New Oscar Rules Deem Motion Capture ‘Not an Animation Technique’

Last year I wrote an editorial headlined “Should ‘Avatar’ Be Considered for Best Animated Oscar?” I asked this based on the fact it was using motion capture techniques such as those used in Disney’s A Christmas Carol, which was one of the 20 animated films to make Oscar’s short list last year. So why was one film considered animation and the other wasn’t?

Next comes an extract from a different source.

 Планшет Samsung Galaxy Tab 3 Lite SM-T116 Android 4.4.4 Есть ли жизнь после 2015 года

I took a look at many different aspects of animation including Marge Champion who acted out the role of Snow White for Disney animators oh so long ago and included a video of Helene Stanley who served as the live action model for Aurora in Sleeping Beauty, Cinderella and Anita from 101 Dalmations. Is there really much of a difference between using a live model for hand animation and using motion capture for computer animation? The Academy of Motion Picture Arts and Sciences has all the answers and it’s the primary update to their just released rules for the 83rd Academy Awards.

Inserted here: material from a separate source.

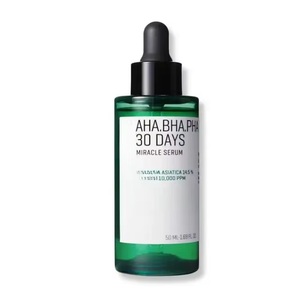 Haute qualité Certains exfoliant réparateur barrière de la peau éclaircissant AHA BHA PHA 30 jours sérum miracle thé vert coréen 50ml - Product Image 1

Below is an excerpt from their official press release with the newly added line in bold:

[In] the Animated Feature Film category, a sentence regarding motion capture was added to clarify the definition of an animated film. The language now reads: “An animated feature film is defined as a motion picture with a running time of greater than 40 minutes, in which movement and characters’ performances are created using a frame-by-frame technique. Motion capture by itself is not an animation technique. In addition, a significant number of the major characters must be animated, and animation must figure in no less than 75 percent of the picture’s running time.”

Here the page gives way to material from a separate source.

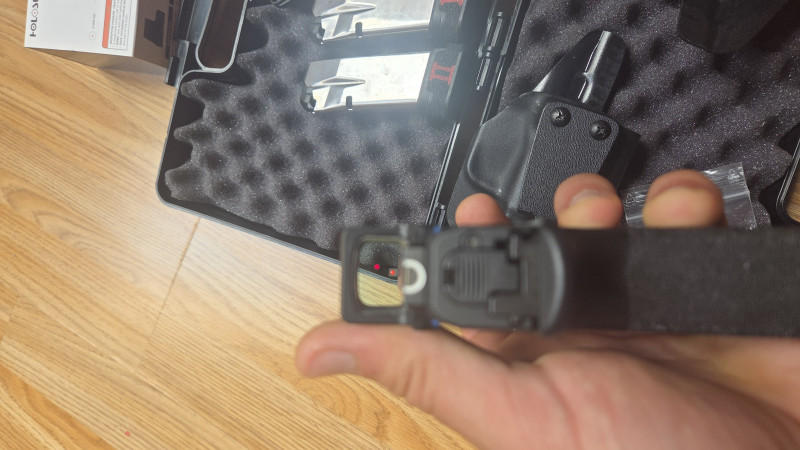 Pistole HS Produkt H11 Hellcat, 9 mm Luger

Just as 3D is taking over the multiplexes as a result of James Cameron’s Avatar, the “Avatar Effect” has now directly effected the Oscars as I have no doubt this line was included as a direct result of the amount of animation in Avatar versus live action. However, look at that pic just above, the motion capture was only part of the animation as adding the landscape in the background was the rest. This, to me, means Avatar was not “motion capture by itself,” but motion capture mixed with traditional CG animation. Am I looking too deep or just evaluating the rules as they are written?

However, why films such as Alvin and the Chipmunks: The Squeakquel are considered animated and Transformers: Revenge of the Fallen is not is probably a question best left for next year’s Oscar rules.

I now ask you, do you agree with the distinction? Should motion capture as used in Avatar be considered animation? If not, do you still see Disney’s A Christmas Carol as animation or is that too something of a different beast?